▶ Task to complete:
Beginning at the line that holds "Winking and smiling emoticon", restate each line exactly through the final line of the records. Include both of those lines.

▶ Data shown:
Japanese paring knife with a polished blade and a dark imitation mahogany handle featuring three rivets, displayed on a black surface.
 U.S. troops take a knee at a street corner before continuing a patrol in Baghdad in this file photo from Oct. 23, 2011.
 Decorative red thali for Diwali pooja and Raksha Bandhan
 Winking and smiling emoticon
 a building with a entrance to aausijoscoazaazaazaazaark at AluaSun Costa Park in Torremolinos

▶ Answer area:
 Winking and smiling emoticon
 a building with a entrance to aausijoscoazaazaazaazaark at AluaSun Costa Park in Torremolinos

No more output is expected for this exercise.